9. März
Von „La Bestia“ zur Hochgeschwindigkeitsbahn: Mexikos Eisenbahn-Renaissance erklärt
Von Niklas Martens
Seit Jahrzehnten sind Mexikos Eisenbahnen vor allem mit „La Bestia“ verbunden – dem Güterzug, der durch das Land in Richtung US-Grenze fährt. Dieser Zug, der Waren wie Zucker, Getreide und Zement transportiert, gilt für viele als letzte Chance, die Vereinigten Staaten zu erreichen, ohne für die Fahrt zu bezahlen. Ein europäischer Fernsehsender widmete ihm einst eine Dokumentation mit dem Titel „Heading North Through Mexico: The Train of Death ‘La Bestia’“.
Vorsichtig formuliert war das öffentliche Bild der mexikanischen Bahninfrastruktur bislang alles andere als positiv – oder man könnte sogar sagen: so gut wie nicht vorhanden. Mexiko ist ein vom Lkw- und Autoverkehr dominiertes Land, in dem Güter- und Personenbeförderung fast ausschließlich über das dichte Netz an Fernstraßen abgewickelt werden.
Doch das könnte sich bald ändern – wenn die ehrgeizigen Pläne des ehemaligen Präsidenten Andrés Manuel López Obrador (AMLO) und der aktuellen Präsidentin Claudia Sheinbaum Wirklichkeit werden.
Ein Blick zurück in die Vergangenheit
Mexikos Eisenbahngeschichte begann in den 1850er-Jahren, als erstmals weitläufige Regionen miteinander verbunden wurden und dies erhebliches Wirtschaftswachstum auslöste.

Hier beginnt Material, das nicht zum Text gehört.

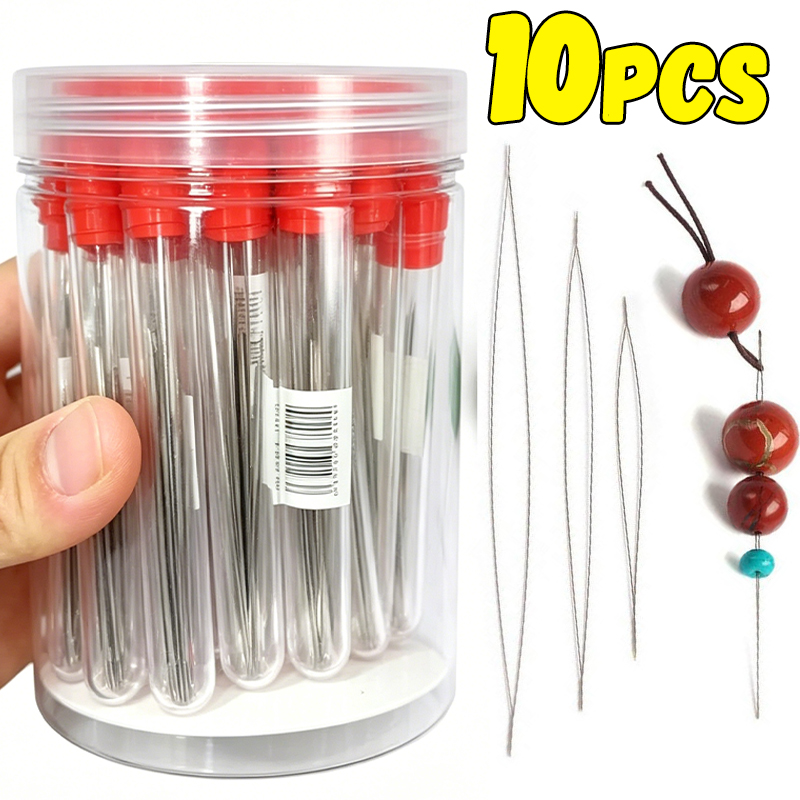 1-10 adet boncuk iğneleri tohu - Jewelry Making Equipment incelemesi ve fiyatı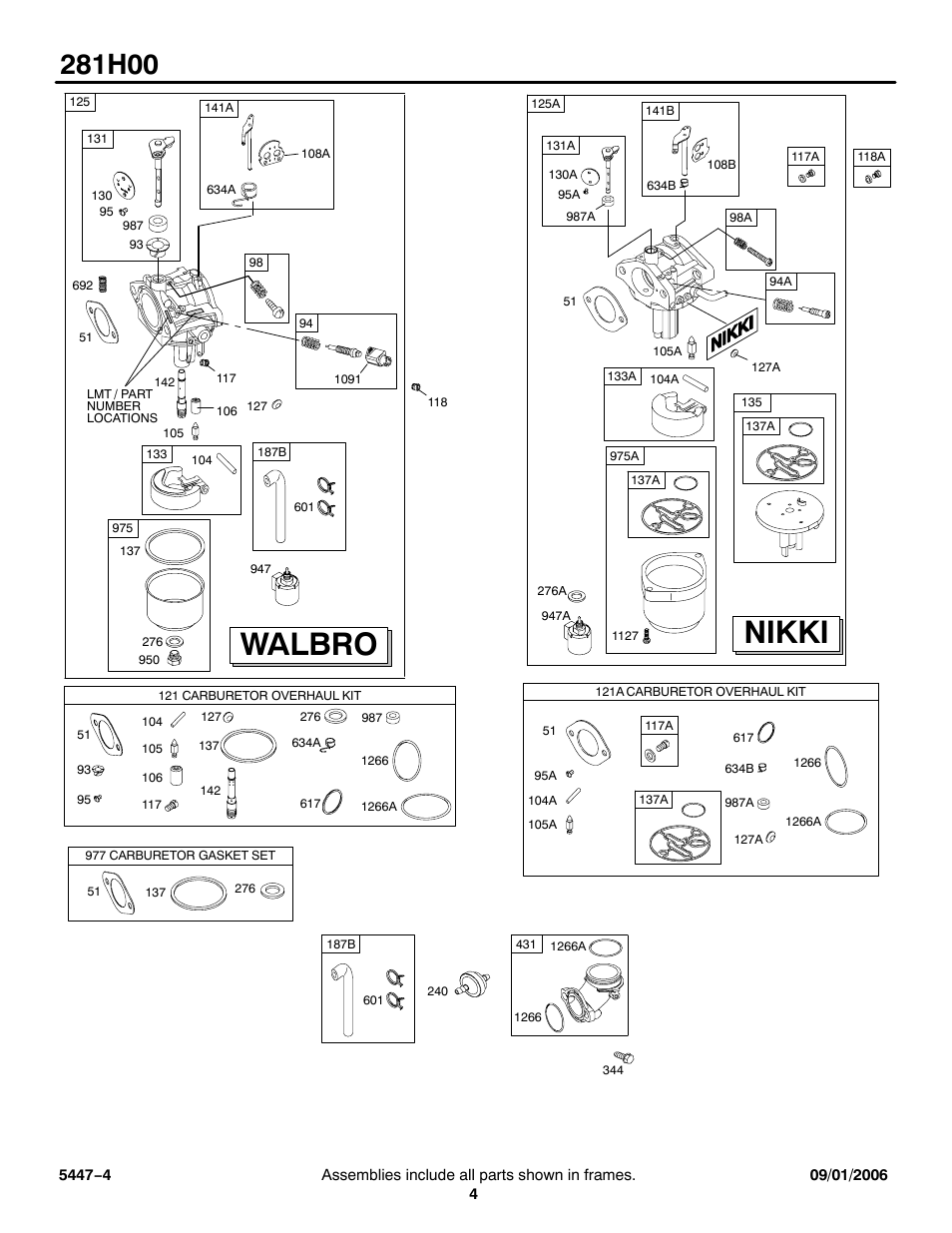 Walbro, Nikki | Briggs & Stratton 281H00 User Manual | Page 4 / 10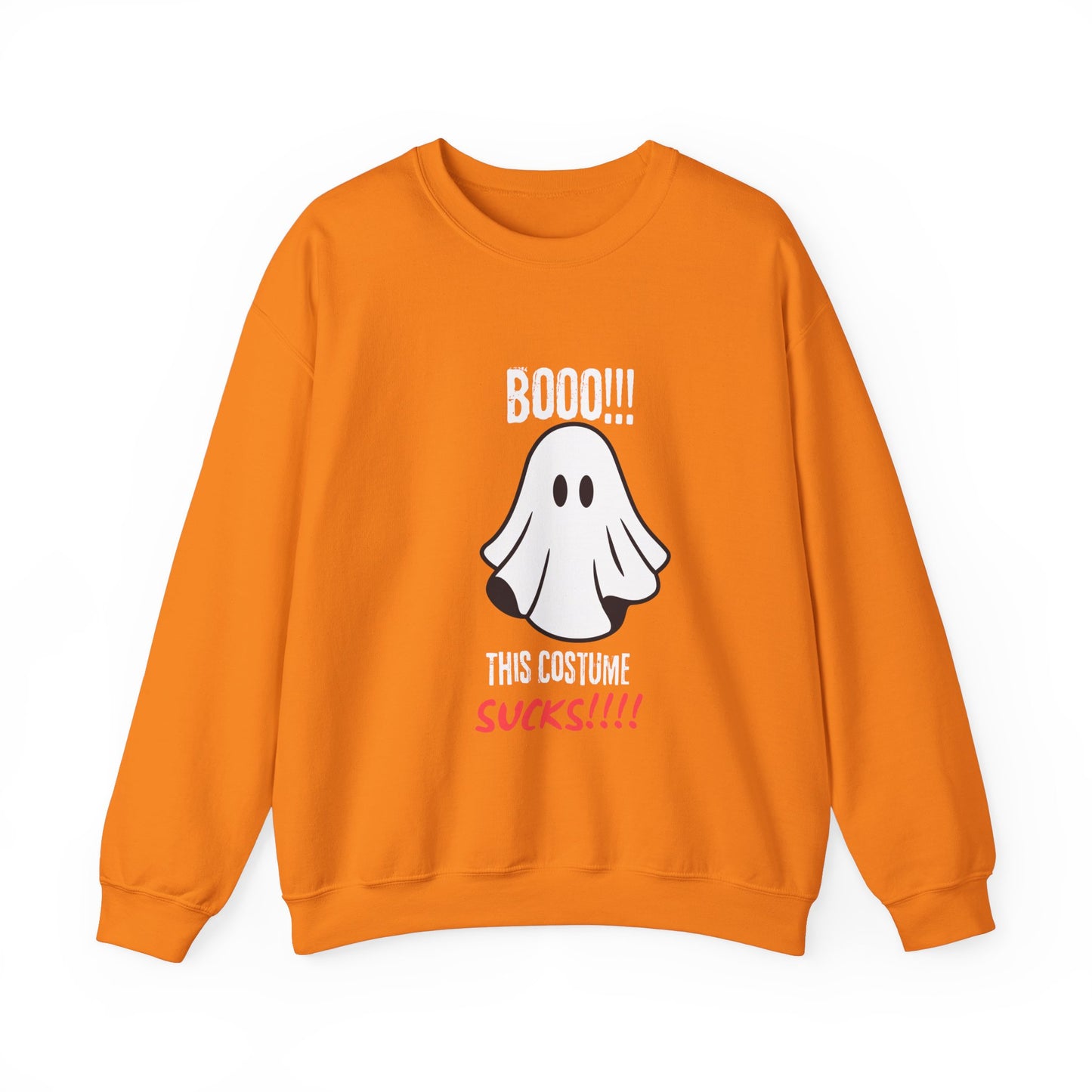 Boo Costume Sucks-Black-Sweatshirt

Unter der Diktatur von Porfirio Díaz (1876–1910) expandierte das Schienennetz rasant und wurde zu einer tragenden Säule für den Transport von Waren und Passagieren. Die Eisenbahn erreichte Gebiete, die auf dem Straßenweg nicht zugänglich waren, verband abgelegene Regionen mit städtischen Zentren und fungierte als Lebensader für Industrie und Gemeinden.
Mitte des 20. Jahrhunderts verlor die Eisenbahn jedoch an Bedeutung, da Automobile und der Ausbau der Straßeninfrastruktur zunehmend in den Vordergrund rückten. Die staatliche Bahngesellschaft Ferrocarriles Nacionales de México geriet bis in die 1990er-Jahre in schwere finanzielle Schwierigkeiten. Laut dem Wirtschaftswissenschaftler Benjamín Alemán machten Ineffizienz und hohe Betriebskosten das System untragbar, was letztlich zu einem Niedergang des Personenverkehrs führte.
1997 erfolgte die Privatisierung des mexikanischen Eisenbahnwesens. Der Staat behielt zwar das Eigentum an der Infrastruktur, vergab jedoch die Betriebsrechte an private Unternehmen. Dieser Schritt erhöhte die Effizienz und senkte die öffentlichen Kosten, führte aber auch dazu, dass der Fokus auf den profitableren Güterverkehr gelegt wurde. In der Folge verschwand der Passagierverkehr nahezu vollständig – seine gesellschaftliche Bedeutung wurde zugunsten wirtschaftlicher Rentabilität vernachlässigt.
Sheinbaums Vision und „Plan México“
Angesichts der zahlreichen Vorteile eines effizienten Eisenbahnsystems geht Mexikos designierte Präsidentin Claudia Sheinbaum mit Volldampf an eine ehrgeizige Modernisierungsoffensive heran. Mit dem Ziel, die Infrastruktur des Landes grundlegend zu transformieren, hat sie einen mutigen nationalen Entwicklungsplan vorgestellt, der 3.000 Kilometer neue Bahnstrecken sowie modernisierte Straßen vorsieht. Geplant ist der Bau neuer Eisenbahnverbindungen, die zentrale Städte – darunter wichtige Knotenpunkte wie Nogales, Nuevo Laredo und Querétaro – miteinander verknüpfen und so sowohl den Personen- als auch den Güterverkehr stärken. Mit diesen ambitionierten Projekten will Sheinbaum Mexikos Wirtschaft, Nachhaltigkeit und Konnektivität Schritt für Schritt auf ein neues Niveau heben.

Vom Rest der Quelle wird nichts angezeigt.